Top of Data records
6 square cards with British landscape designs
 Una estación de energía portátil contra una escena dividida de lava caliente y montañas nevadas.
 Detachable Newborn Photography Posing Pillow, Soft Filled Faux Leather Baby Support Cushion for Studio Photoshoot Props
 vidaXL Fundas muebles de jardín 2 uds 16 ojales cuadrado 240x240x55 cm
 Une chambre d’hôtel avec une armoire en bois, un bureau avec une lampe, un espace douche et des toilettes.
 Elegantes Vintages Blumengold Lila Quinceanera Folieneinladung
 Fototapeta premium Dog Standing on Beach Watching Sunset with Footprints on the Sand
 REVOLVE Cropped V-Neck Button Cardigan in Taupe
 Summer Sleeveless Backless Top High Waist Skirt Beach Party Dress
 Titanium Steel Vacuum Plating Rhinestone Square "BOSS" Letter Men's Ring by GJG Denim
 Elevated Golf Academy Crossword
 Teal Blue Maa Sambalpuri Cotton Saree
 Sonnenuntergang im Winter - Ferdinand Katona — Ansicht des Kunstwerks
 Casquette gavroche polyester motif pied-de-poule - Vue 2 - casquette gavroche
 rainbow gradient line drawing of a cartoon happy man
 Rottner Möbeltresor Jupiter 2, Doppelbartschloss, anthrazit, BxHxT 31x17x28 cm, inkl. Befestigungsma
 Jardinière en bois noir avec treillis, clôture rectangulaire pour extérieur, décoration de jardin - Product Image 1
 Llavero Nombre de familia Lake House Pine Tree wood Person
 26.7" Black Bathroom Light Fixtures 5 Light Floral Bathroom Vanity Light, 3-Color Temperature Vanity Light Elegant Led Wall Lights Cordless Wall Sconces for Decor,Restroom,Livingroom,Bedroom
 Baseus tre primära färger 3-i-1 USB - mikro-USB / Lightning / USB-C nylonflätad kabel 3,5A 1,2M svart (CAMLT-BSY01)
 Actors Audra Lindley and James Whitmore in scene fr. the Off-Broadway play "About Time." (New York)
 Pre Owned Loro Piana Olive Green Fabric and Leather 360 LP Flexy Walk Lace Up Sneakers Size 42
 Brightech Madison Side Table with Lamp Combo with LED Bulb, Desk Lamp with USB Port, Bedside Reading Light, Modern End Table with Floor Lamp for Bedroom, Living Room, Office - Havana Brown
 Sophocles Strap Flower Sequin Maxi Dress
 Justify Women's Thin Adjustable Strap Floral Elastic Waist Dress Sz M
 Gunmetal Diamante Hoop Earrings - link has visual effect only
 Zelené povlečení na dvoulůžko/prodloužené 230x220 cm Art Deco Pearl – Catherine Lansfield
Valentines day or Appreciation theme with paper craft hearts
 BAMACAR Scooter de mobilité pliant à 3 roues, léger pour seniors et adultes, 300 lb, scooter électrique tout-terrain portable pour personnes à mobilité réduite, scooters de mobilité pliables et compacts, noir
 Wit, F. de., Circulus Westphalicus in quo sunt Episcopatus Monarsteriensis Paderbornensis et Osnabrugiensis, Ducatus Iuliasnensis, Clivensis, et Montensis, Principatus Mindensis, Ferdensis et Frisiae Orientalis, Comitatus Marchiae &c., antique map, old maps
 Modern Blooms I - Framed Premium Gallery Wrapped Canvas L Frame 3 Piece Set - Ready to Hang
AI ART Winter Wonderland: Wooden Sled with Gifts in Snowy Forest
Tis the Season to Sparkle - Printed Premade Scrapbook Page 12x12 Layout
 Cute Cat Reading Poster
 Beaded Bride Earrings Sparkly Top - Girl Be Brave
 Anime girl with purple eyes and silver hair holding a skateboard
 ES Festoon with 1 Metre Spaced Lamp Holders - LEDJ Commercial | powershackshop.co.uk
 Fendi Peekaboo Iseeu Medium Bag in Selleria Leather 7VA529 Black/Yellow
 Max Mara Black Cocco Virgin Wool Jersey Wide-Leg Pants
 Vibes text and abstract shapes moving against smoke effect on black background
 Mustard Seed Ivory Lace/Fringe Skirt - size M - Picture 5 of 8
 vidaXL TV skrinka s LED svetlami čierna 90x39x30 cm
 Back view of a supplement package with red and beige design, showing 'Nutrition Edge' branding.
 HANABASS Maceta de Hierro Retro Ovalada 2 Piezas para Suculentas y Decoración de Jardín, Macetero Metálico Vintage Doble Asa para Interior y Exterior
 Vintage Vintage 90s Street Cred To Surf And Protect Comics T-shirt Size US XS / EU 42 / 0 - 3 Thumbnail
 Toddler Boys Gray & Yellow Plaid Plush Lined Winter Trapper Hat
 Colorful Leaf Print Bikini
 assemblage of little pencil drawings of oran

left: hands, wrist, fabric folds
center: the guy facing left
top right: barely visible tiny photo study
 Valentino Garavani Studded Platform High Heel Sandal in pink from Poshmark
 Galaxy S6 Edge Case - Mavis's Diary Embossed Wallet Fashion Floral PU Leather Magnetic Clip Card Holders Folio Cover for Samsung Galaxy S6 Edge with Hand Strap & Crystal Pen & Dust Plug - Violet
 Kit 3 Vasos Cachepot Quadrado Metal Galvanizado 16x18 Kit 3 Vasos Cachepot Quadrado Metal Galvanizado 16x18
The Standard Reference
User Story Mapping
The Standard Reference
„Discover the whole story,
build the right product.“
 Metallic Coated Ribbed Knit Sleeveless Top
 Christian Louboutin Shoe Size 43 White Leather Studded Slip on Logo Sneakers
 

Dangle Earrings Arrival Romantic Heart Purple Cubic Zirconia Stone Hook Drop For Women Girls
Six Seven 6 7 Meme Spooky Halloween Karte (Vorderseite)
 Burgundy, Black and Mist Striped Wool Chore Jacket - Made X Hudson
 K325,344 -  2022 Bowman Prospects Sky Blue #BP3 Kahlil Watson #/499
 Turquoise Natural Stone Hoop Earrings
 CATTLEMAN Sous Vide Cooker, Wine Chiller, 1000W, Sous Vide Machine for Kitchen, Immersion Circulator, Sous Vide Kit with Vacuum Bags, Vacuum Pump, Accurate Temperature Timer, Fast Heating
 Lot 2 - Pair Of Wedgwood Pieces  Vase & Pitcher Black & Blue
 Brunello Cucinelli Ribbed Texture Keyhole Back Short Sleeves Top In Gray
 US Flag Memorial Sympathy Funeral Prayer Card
Bottom of Data records
_Task prompt_.
Please give an exact copy of the entries above, from the line with "Valentines day or" down to the line with "vidaXL TV skrinka", inclusive, and nothing else.

_Task answer_.
Valentines day or Appreciation theme with paper craft hearts
 BAMACAR Scooter de mobilité pliant à 3 roues, léger pour seniors et adultes, 300 lb, scooter électrique tout-terrain portable pour personnes à mobilité réduite, scooters de mobilité pliables et compacts, noir
 Wit, F. de., Circulus Westphalicus in quo sunt Episcopatus Monarsteriensis Paderbornensis et Osnabrugiensis, Ducatus Iuliasnensis, Clivensis, et Montensis, Principatus Mindensis, Ferdensis et Frisiae Orientalis, Comitatus Marchiae &c., antique map, old maps
 Modern Blooms I - Framed Premium Gallery Wrapped Canvas L Frame 3 Piece Set - Ready to Hang
AI ART Winter Wonderland: Wooden Sled with Gifts in Snowy Forest
Tis the Season to Sparkle - Printed Premade Scrapbook Page 12x12 Layout
 Cute Cat Reading Poster
 Beaded Bride Earrings Sparkly Top - Girl Be Brave
 Anime girl with purple eyes and silver hair holding a skateboard
 ES Festoon with 1 Metre Spaced Lamp Holders - LEDJ Commercial | powershackshop.co.uk
 Fendi Peekaboo Iseeu Medium Bag in Selleria Leather 7VA529 Black/Yellow
 Max Mara Black Cocco Virgin Wool Jersey Wide-Leg Pants
 Vibes text and abstract shapes moving against smoke effect on black background
 Mustard Seed Ivory Lace/Fringe Skirt - size M - Picture 5 of 8
 vidaXL TV skrinka s LED svetlami čierna 90x39x30 cm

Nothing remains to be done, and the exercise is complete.